Using a Kruskal-Wallis test, there is a significant difference in mood gain across the three drug conditions, \(\chi^2\) (2) = 12.08, p = .002, \(\epsilon^2\) = .71.

Notice how in this case all three results converge and show there is a statistically significant difference in the results! The problem is… differences in which groups? See the next chapter!

Additional practice

Open the Sample_Dataset_2014.xlsx file that we will be using for all Your Turn exercises. You can find the dataset here: Sample_Dataset_2014.xlsx Download

Perform one-way ANOVAs based on the following research questions. Check your assumptions and ensure you are using the correct tests.

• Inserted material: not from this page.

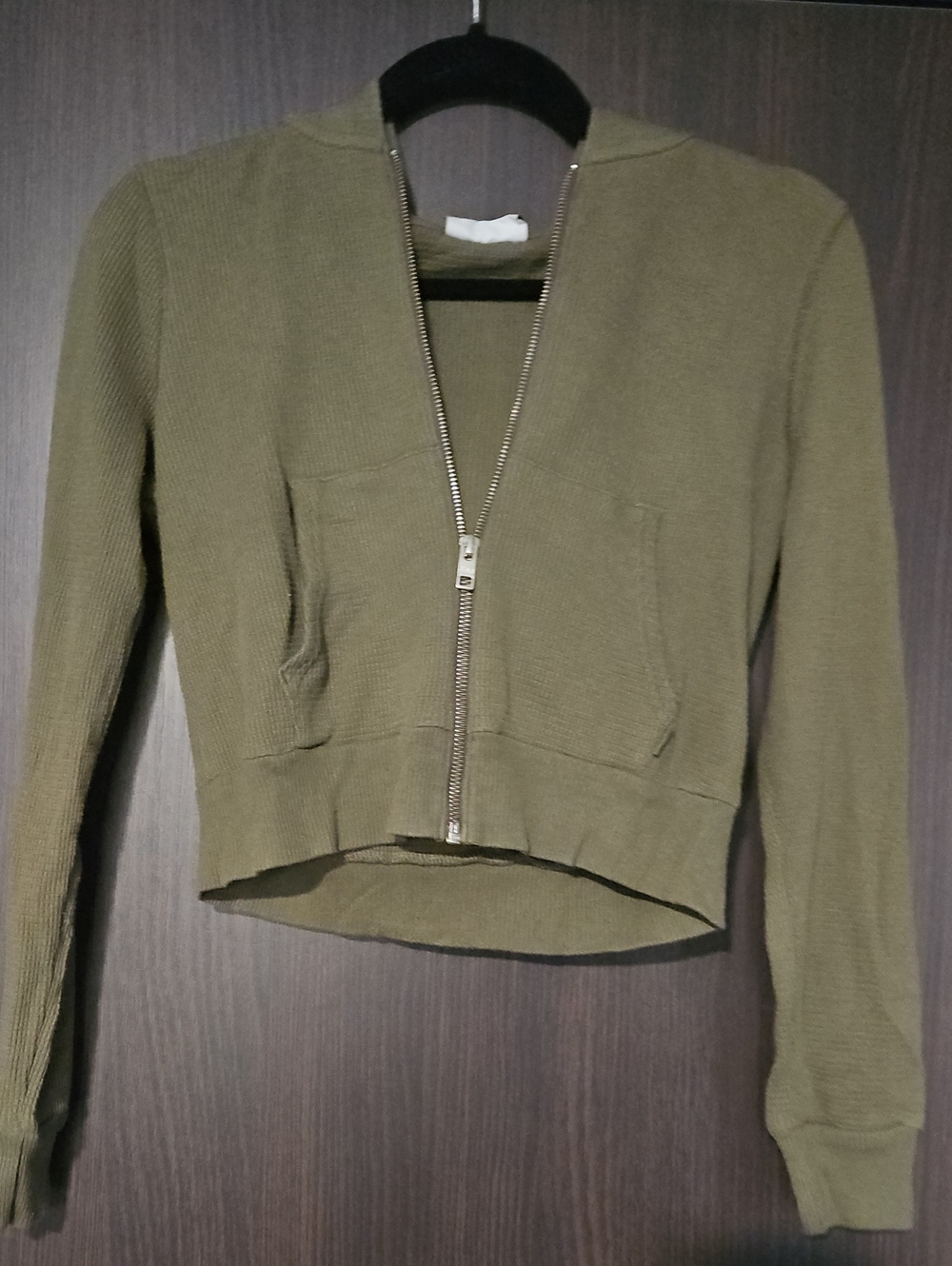 TNA Olive Ribbed Zip Hoodie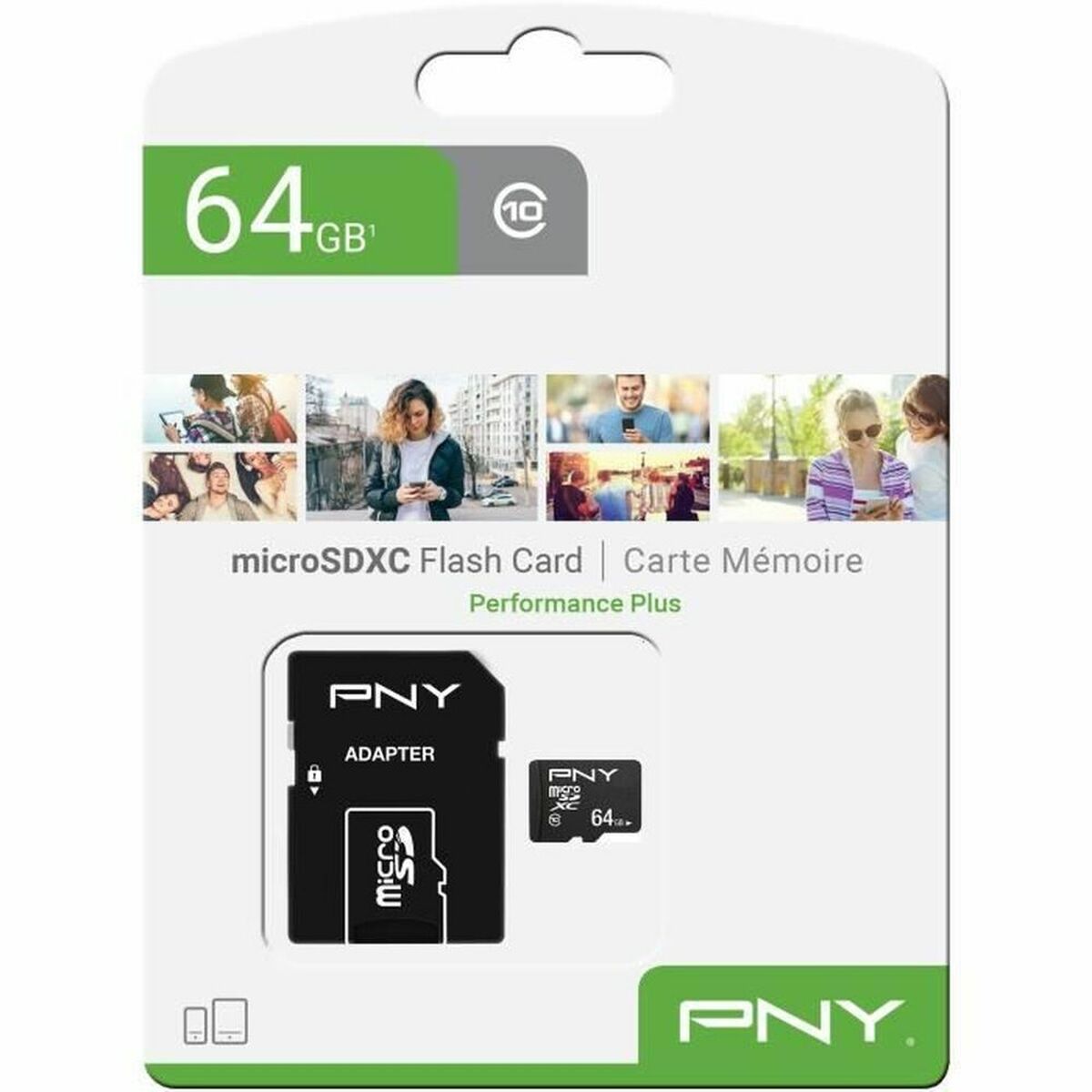 Afbeeldingen van Micro SD Card PNY P-SDU64G10PPL-GE Performance Plus C10 64 GB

To get the most out of these exercises, try to first find out the answer on your own and then use the drop-down menus to check your answer.

Does students differ on English scores by rank (i.e., freshmen, sophomore, junior, senior)?
- Do you satisfy the assumption of normality?
- Do you satisfy the assumption of homogeneity of variance?
- Which statistic should you use?
- Do students differ on English scores by rank?
Does smoking status (Smoking: Nonsmoker = 0, Past smoker = 1, Current smoker = 2) relate to sprint time?
- Do you satisfy the assumption of normality?
- Do you satisfy the assumption of homogeneity of variance?
- Which statistic should you use?
- Does smoking status relate to sprint time?